Task item —
There is one span to output from the data below: the lines starting at the line with "Gülşah Nail Polish" and ending at the line with "Treecko (8/168) [Sun". Output it exactly, ends included, nothing more.

Extracted information —
__________________________________________________

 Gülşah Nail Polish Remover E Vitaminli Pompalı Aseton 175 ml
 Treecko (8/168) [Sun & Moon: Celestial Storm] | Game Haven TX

__________________________________________________

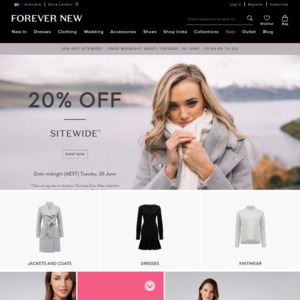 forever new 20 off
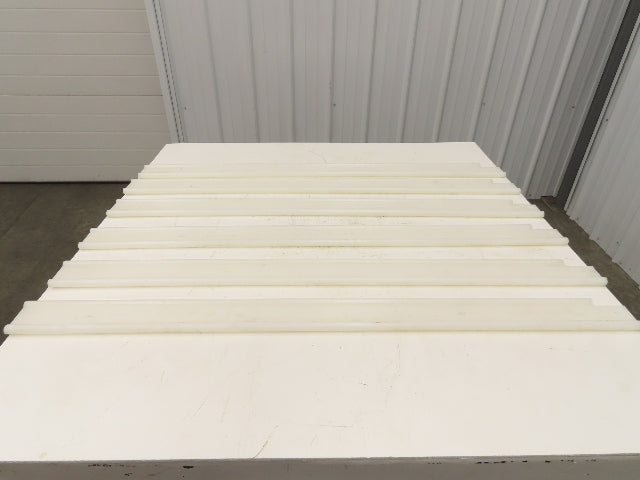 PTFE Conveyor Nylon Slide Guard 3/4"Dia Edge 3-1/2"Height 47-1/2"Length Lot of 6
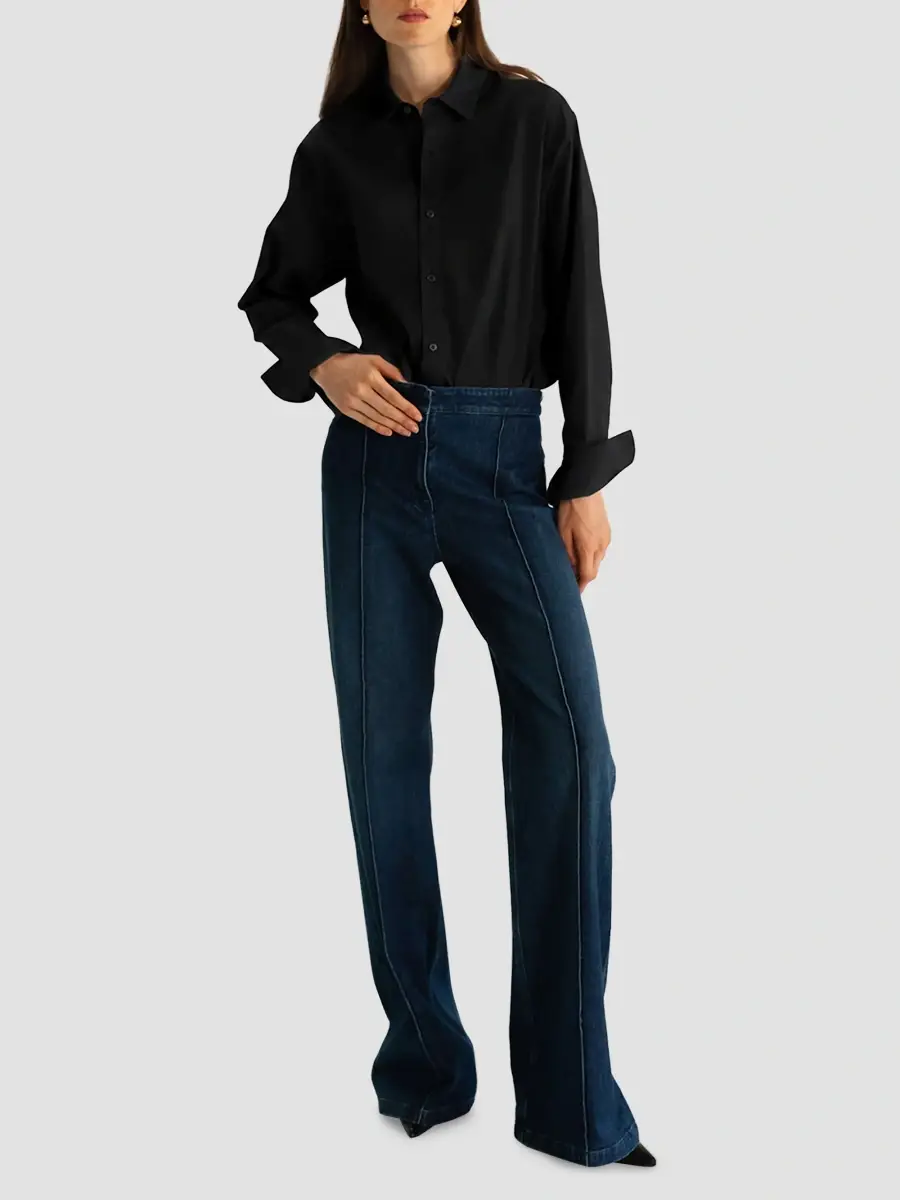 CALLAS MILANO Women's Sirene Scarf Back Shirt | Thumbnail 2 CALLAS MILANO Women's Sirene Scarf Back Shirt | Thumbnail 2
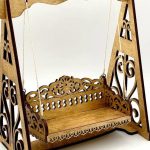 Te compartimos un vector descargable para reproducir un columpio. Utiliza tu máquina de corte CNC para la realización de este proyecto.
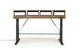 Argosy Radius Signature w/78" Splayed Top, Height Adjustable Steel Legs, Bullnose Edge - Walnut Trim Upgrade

__________________________________________________

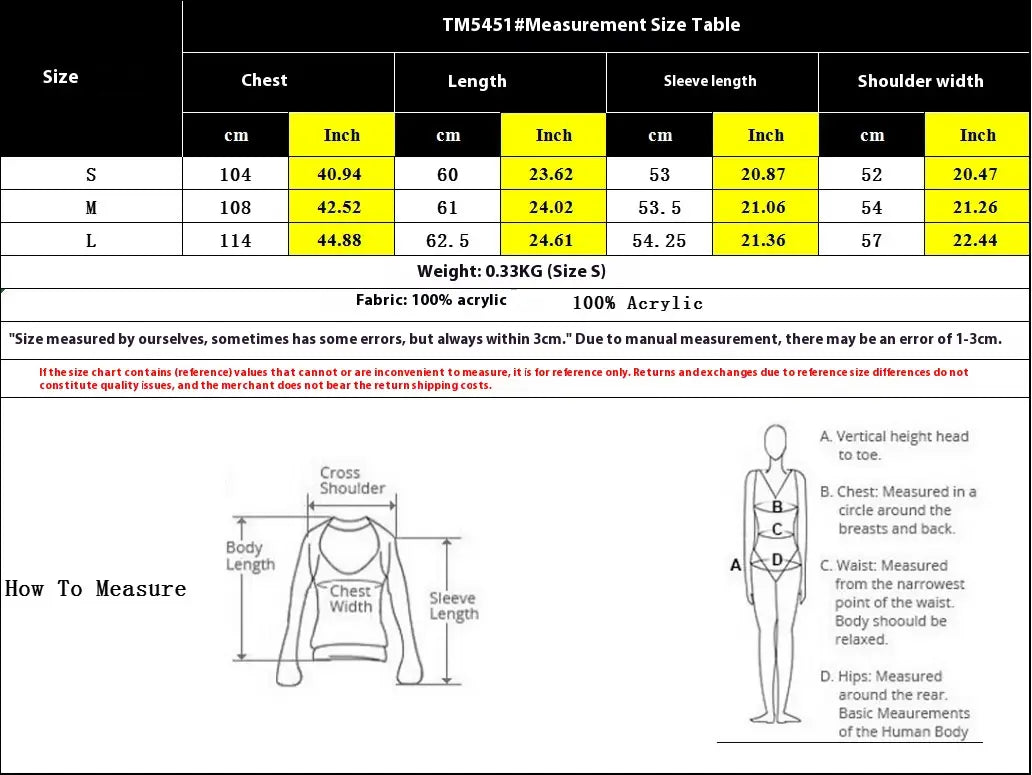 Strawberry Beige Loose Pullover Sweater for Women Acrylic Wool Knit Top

__________________________________________________

Answer space —
 Gülşah Nail Polish Remover E Vitaminli Pompalı Aseton 175 ml
 Treecko (8/168) [Sun & Moon: Celestial Storm] | Game Haven TX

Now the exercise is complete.